The CERS comparative product laboratory test on 12 organic tea brands has discovered the presence of heavy metals—like lead and copper-in all of them. However, these metals were present in these organic brands within the specified limits. Three conventional tea brands—which do not claim to be 'organic'—were also tested. All these three conventional tea brands contained heavy metals such as lead and copper—along with traces of pesticides.
The results revealed that the highest amount of lead was found in 'Organic Tea Tulsi Green'—1.4 parts per million (ppm—and the lowest was in 'Indien Gold—Broken' (0.1ppm). Amongst the conventional brands, 'Wagh Bakri Strong CTC' had the highest level of 1.3ppm and the lowest level was found in 'Tata Tea Premium' and 'Brooke Bond Red Label'—both with 0.9ppm.
CERS found that the highest amount of copper was found in 'Assam Strong Leaves' (31.2ppm) and the lowest in 'Organic India Tulsi Ginger' (12.3ppm).

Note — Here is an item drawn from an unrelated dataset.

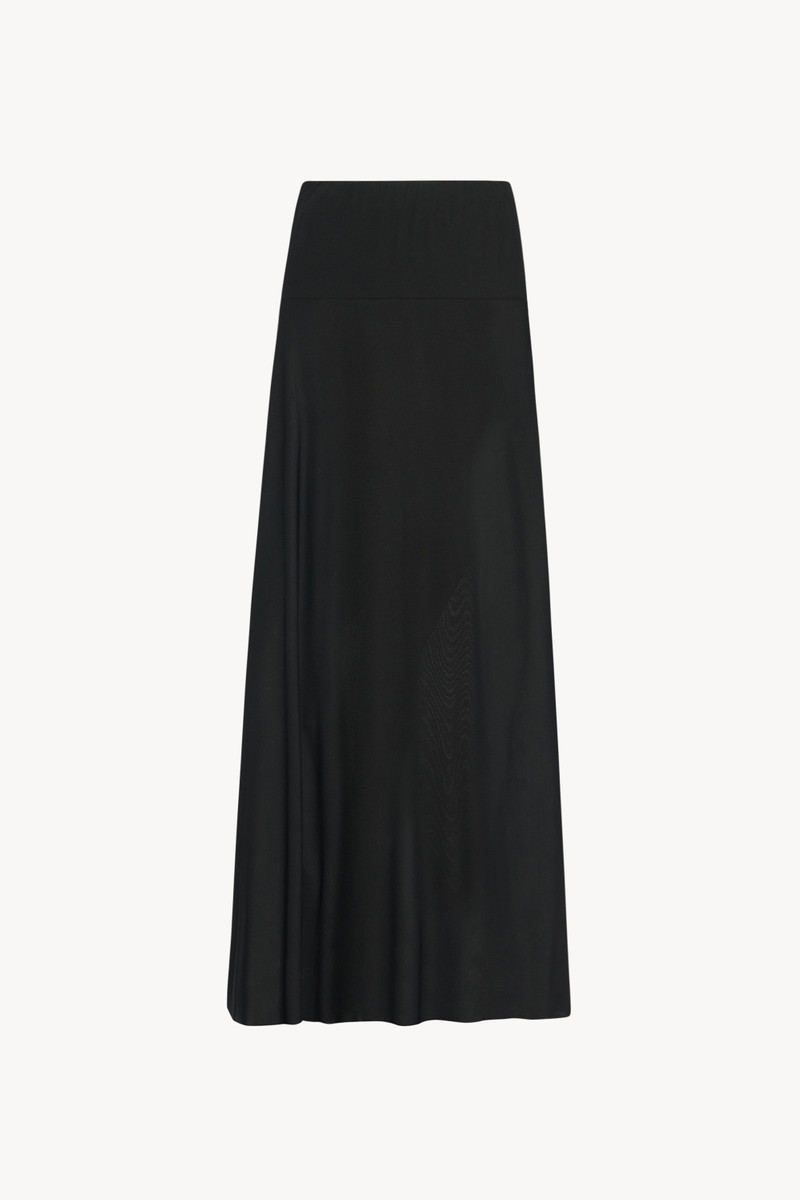 Mirla Skirt in Jersey 1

Presence of copper was found to be in the range of 15ppm to 16ppm in all three conventional tea brands.
Besides heavy metals, these tea brands were also tested for the presence of pesticides like Lindane, Aldrin, Dieldrin, DDT, Endosulfan, Dicofol and Ethion.
According to the test result, all the organic tea brands were found to be free from containing any residues of the above seven pesticides.
Interestingly, the three conventional tea brands—Tata Tea Premium, Brooke Bond Red Label and Wagh Bakri Strong CTC—contained pesticide residues—DDT (ranging from 0.04ppm to 0.1ppm); Dicofol (ranging from 0.1ppm to 0.3ppm) and Ethion (ranging from 0.04ppm to 0.1ppm), which are well within the specified limits.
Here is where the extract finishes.